ASSIGNED TASK - Reproduce exactly the lines beginning with the line that contains "Image de Semilac" and ending at the final line of the material below.
+++
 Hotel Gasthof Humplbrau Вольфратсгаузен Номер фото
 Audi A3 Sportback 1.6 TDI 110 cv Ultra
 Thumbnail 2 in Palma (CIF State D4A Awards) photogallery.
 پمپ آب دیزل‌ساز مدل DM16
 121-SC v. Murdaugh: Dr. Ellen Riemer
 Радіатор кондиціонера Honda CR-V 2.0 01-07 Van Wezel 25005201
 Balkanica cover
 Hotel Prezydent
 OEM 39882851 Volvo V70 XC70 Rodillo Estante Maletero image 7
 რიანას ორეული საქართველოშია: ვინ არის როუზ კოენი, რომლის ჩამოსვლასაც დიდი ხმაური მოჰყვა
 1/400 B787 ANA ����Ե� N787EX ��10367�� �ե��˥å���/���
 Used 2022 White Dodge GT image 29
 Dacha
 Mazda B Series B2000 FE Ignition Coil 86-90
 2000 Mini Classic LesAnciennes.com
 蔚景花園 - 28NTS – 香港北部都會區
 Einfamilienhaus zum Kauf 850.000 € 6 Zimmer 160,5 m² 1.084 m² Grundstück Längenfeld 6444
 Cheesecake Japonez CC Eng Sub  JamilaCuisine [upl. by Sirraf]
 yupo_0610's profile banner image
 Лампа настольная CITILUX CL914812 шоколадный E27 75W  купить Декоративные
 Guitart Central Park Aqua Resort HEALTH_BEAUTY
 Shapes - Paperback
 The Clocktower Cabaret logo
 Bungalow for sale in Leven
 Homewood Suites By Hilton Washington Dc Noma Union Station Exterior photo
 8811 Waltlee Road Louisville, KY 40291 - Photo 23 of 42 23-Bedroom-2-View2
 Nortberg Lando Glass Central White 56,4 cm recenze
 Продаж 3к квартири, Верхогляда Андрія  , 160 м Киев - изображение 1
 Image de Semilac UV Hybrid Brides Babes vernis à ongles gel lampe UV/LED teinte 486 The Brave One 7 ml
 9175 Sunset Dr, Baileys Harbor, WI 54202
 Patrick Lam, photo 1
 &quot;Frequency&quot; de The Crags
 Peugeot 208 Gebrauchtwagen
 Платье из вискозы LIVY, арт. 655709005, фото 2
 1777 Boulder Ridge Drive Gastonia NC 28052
+++
ANSWER -
 Image de Semilac UV Hybrid Brides Babes vernis à ongles gel lampe UV/LED teinte 486 The Brave One 7 ml
 9175 Sunset Dr, Baileys Harbor, WI 54202
 Patrick Lam, photo 1
 &quot;Frequency&quot; de The Crags
 Peugeot 208 Gebrauchtwagen
 Платье из вискозы LIVY, арт. 655709005, фото 2
 1777 Boulder Ridge Drive Gastonia NC 28052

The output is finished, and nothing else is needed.